Junior Courtney Payne invited a panel of experts to campus last week to weigh in on the future of cars. This future, they all agreed, would have to be one in which a variety of fuels were available on the market.
The three guests came at the issue from different sectors. Ben Burke ’99 is a geologist with Noble Energy, Inc., a natural gas company in Denver, Colo. Tom Twist is the sustainability officer for the Chewonki Foundation, an educational nonprofit with an environmental focus, based in Wiscasset, Maine. And Mark Rosenblatt is the advisor and founder of several organizations that are trying to open the transportation market to competitive fuels.
With several other like-minded students (including Alithea McFarlane ’14, Anna Hall ’15 and Margaret Lindeman ’15), Payne is actively trying to “bring the environmental discussion to a broad group of students,” she said.
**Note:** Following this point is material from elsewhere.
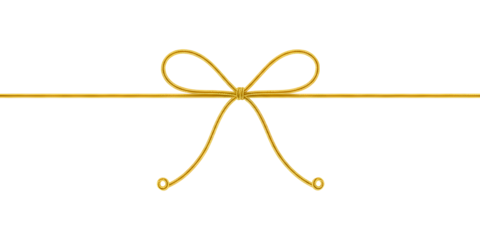 Golden Bow String Decoration Element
The subject of cars has a broad appeal because we all need to get to places, and we all mostly use cars to do so. Payne said she wanted to organize a panel with people who could shed light on different aspects of the automobile industry.
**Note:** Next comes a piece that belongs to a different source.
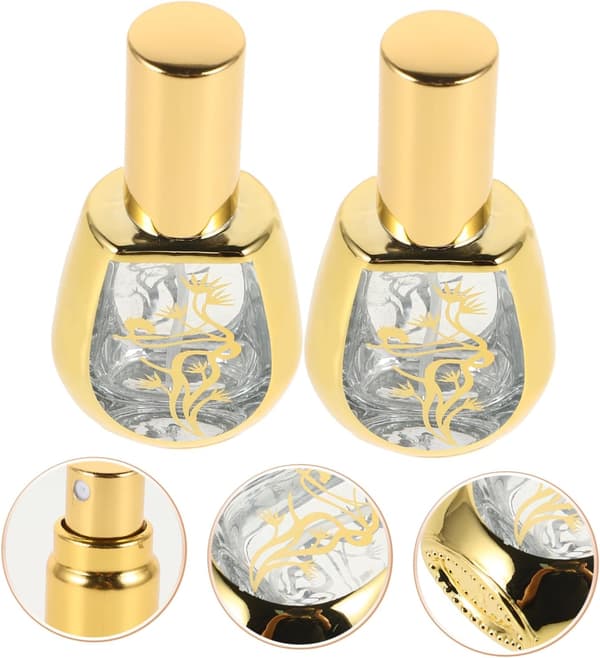 2 Pieces 10ml Glass Perfume Bottles Refillable Portable Spray Bottles for Aromatherapy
While all of the panelists agreed that the oil industry serves as the main hindrance to the future of automobiles, they offered different approaches to the problem.
Rosenblatt noted that currently the world requires more barrels of oil a year than it can produce, and that these numbers will continue to move in opposite directions. “We can’t produce our way out of this problem,” he said, “and the next barrel we take out is always going to be more expensive than the last.” As an advisor to the nonpartisan Fuel Freedom Foundation, Rosenblatt sees promise in fuel alternatives. “We are at a moment in history where there are truly cheaper and cleaner alternatives to oil,” he said.
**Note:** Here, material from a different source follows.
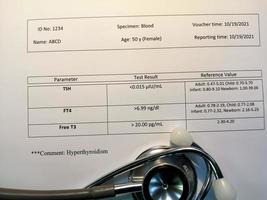 Informe anormal de hormona tiroidea aislada con estetoscopio. El hipertiroidismo ocurre cuando la glándula tiroides produce demasiada hormona. foto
We are at a moment in history where there are truly cheaper and cleaner alternatives to oil.” Mark Rosenblatt P’14
Twist agreed that fuel alternatives are the most immediate solution to rising gas prices and deepening environmental degradation. He said that at the Chewonki Foundation, students experiment with ethanol and biodiesel production, making fuels from vegetable oil or animal fat. The school also has one of the first renewable hydrogen projects in the country. “Biofuels are…what is in our cars right now,” Twist said.
Coming at the issue as a geologist, Burke said he seeks to maximize production from each individual oil well instead of trying to draw new ones. He also wants to reduce side emissions from natural gas extractions. “Anything that escapes is not only lost profits to the shareholders, but is also bad for the environment,” he said.
The biggest issue at the moment is the inelasticity of the oil industry, Rosenblatt said, which is a remnant from the oil monopoly that rose up in the early 1920s. The Fuel Freedom Foundation is working to remove barriers to competition in the fuel market. “We are trying to open up the regulation, so that alternative fuels can actually come to the market,” which Rosenblatt acknowledge will be challenging. “We’ve had bills in Congress since 2006 that have never gotten out of committee,” he said.
While the fuel market is slowing down immediate progress, all panelists said they have high hopes for the future of cars. “Electric hybrid cars are the ultimate solution,” Rosenblatt said. “The technology just isn’t there yet, but it will compete in the future.”
After the panel, Rosenblatt talked to Payne about making the panel discussion an annual event because these issues are so important. “It’s good to hear the questions the students have,” he said.